Don't you need to record the car revving from idle to redline under load? It makes the job more difficult but surely the engine sounds different?
 
Don't you need to record the car revving from idle to redline under load? It makes the job more difficult but surely the engine sounds different?

I suppose it all depends on how far you want to go. From a business side, the most economical way to do it is just rev it in neutral. It would take no time at all to setup the mics, find the sweet spot and record it. Then in the studio you have a clean sound and it would take next to no time to finalise it.

When you start recording it under load you have other sounds involved like wind noise, dyno noise, road noise from the tires, etc. Then you have to remove those sounds from the mix which can lead to bad quality once it's all done and in truth, it goes against all the principles of sound recording with the main principle being to record the sound as perfect as possible.

To a point, the engine is under load when you just rev it in neutral anyway, when accelerating you have the weight of the flywheel resisting it and when decelerating, you have the weight of the flywheel trying to keep it spinning.

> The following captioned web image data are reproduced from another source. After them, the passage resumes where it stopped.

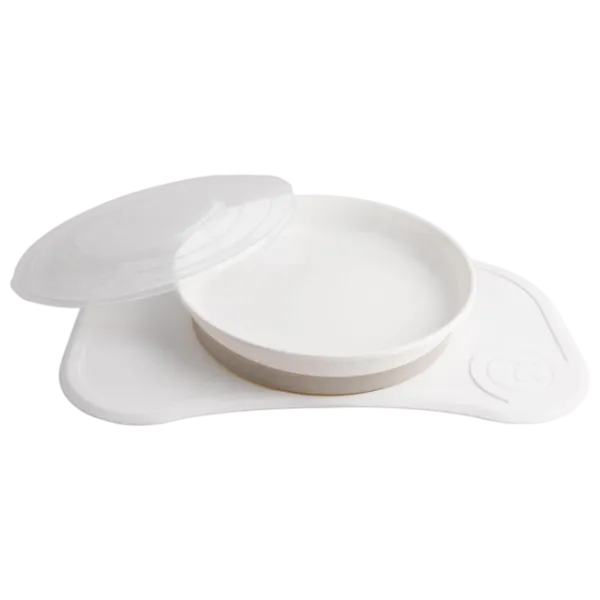 Set Ugrow Twistshake Click-Mat Unisex / 6+ luni / White photo 1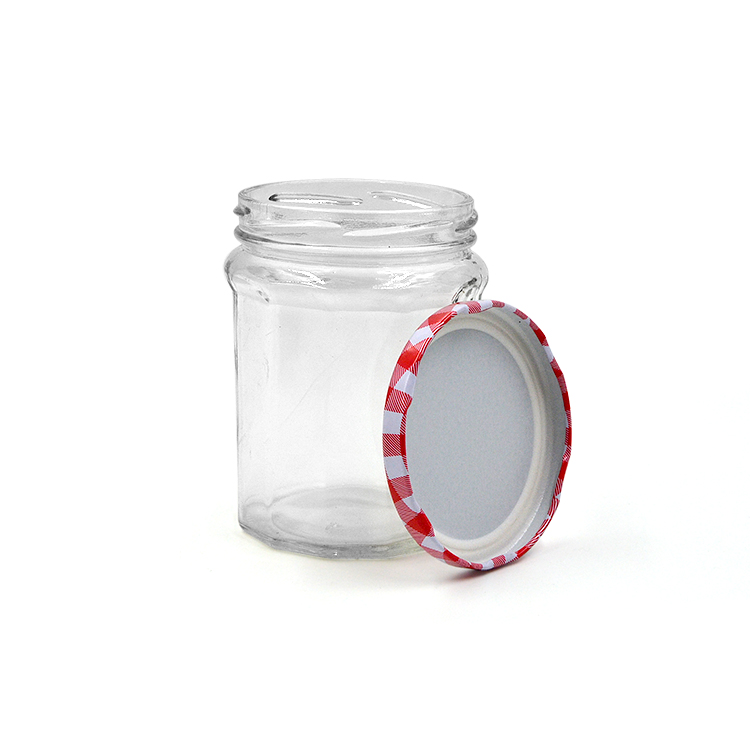 150ml 200ml 250ml 380ml Food Grade Glass Food Jar Storage jar for honey jam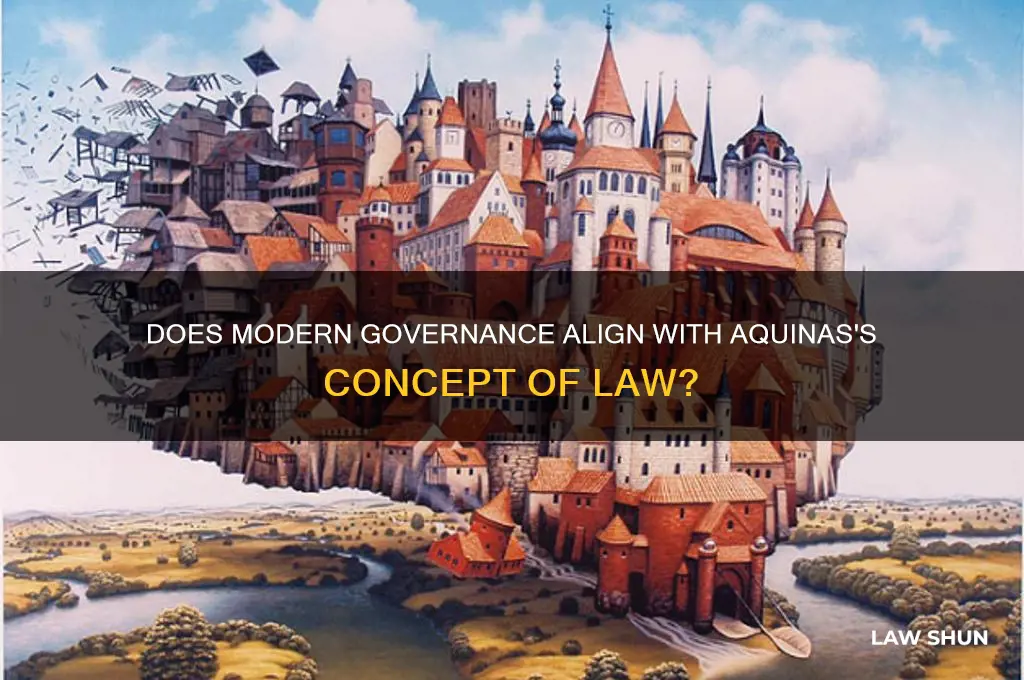 does our gov exemplify thomas aquanis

I am mainly referring to street cars. You will probably run into problems doing it this way when you have very powerful engines like F1 etc, if you think how fast they would go from idle to redline it would leave you with hardly any room to edit it.
 
there should be no problem to record engine sound using roller dynamo-meter (I think you referred to it by 'dyno').
In case or racing cars, engine yelling is x-times louder than rollers noise. Additionally you may record dyno+tires noise alone, and subtract it from engine recording.
It will work for inside sounds very well.

harder is to record real sounding external sounds. For static close-positioned camera - it is not a problem. But in real live there are a lot of reverbs/echoes (including phase shifted). It makes finall sound very specific. Recording car from a distance when moving is quite impossible. So probably there must be done a lot of post-recording work mostly by adding effects. On the other side, most mods just uses plain external sound.

At the end, personally I'm against making sounds from YT movies. Such sound is so flat. But I understand that some times there is no other way.